Hacker News new | ask | show | jobs
by nicklecompte 796 days ago
What this work actually shows is that a bunch of scientists are ignorant about how LLMs work, but are rushing to publish papers about them anyway. It is ridiculous for Thirunavukarasu to draw this conclusion from GPT-4's performance on a written ophthalmology exam.

From the good folks at AI Snake Oil[1]

> Memorization is a spectrum. Even if a language model hasn’t seen an exact problem on a training set, it has inevitably seen examples that are pretty close, simply because of the size of the training corpus. That means it can get away with a much shallower level of reasoning....In some real-world tasks, shallow reasoning may be sufficient, but not always. The world is constantly changing, so if a bot is asked to analyze the legal consequences of a new technology or a new judicial decision, it doesn’t have much to draw upon. In short, as Emily Bender points out, tests designed for humans lack construct validity when applied to bots.

> On top of this, professional exams, especially the bar exam, notoriously overemphasize subject-matter knowledge and underemphasize real-world skills, which are far harder to measure in a standardized, computer-administered way. In other words, not only do these exams emphasize the wrong thing, they overemphasize precisely the thing that language models are good at.

Also[2]:

> Undoubtedly, AI and LLMs will transform every facet of what we do, from research and writing to graphic design and medical diagnosis. However, its current success in passing standardized test after standardized test is an indictment of what and how we train our doctors, our lawyers, and our students in general.
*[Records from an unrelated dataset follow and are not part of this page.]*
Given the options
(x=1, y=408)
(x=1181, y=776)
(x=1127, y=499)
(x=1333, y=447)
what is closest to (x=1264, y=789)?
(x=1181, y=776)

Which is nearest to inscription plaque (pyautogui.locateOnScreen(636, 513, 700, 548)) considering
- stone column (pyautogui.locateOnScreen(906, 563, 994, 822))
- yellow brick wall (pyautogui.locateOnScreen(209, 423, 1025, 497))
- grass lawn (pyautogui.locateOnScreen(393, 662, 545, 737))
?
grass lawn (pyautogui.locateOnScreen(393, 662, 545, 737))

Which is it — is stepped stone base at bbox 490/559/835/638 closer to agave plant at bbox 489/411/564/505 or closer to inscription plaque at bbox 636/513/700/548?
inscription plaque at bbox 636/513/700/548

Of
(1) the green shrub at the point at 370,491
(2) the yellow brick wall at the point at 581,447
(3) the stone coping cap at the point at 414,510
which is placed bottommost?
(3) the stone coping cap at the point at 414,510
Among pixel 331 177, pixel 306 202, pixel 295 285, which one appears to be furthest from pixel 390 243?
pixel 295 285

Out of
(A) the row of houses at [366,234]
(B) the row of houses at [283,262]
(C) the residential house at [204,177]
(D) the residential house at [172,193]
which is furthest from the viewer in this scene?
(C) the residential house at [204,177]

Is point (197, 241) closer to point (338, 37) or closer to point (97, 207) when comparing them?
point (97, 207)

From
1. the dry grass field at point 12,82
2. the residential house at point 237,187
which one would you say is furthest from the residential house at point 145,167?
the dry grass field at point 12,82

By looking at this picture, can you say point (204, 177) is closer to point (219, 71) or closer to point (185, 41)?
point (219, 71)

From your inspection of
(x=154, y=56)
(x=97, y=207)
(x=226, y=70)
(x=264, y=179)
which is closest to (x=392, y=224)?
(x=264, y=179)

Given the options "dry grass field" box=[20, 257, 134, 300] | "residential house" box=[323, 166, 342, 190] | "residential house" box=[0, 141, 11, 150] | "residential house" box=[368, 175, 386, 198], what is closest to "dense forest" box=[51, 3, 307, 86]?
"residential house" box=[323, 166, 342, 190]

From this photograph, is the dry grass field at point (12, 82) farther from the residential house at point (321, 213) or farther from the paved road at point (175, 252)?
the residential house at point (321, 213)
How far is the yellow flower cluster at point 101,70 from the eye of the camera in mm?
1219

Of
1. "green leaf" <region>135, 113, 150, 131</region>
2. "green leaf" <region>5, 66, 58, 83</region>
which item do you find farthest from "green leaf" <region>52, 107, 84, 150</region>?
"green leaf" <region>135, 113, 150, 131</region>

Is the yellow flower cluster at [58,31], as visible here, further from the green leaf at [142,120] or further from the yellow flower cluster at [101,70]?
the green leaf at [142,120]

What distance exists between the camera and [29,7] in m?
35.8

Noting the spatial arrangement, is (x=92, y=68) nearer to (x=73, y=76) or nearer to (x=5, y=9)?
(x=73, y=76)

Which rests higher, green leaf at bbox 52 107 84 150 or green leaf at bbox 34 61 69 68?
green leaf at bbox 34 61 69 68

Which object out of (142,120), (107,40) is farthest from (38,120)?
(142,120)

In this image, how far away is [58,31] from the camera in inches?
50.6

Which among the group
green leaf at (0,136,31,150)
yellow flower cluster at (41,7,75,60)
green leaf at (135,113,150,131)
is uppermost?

ChatGPT passed an examination that rewards memorizing the components of a system rather than analyzing how it works, how it fails, how it was created, how it is maintained. Its success demonstrates some of the shortcomings in how we train and evaluate medical students. Critical thinking requires appreciation that ground truths in medicine continually shift, and more importantly, an understanding how and why they shift. Perhaps the most important lesson from the success of LLMs in passing examinations such as the USMLE is that now is the time to rethink how we train and evaluate our students.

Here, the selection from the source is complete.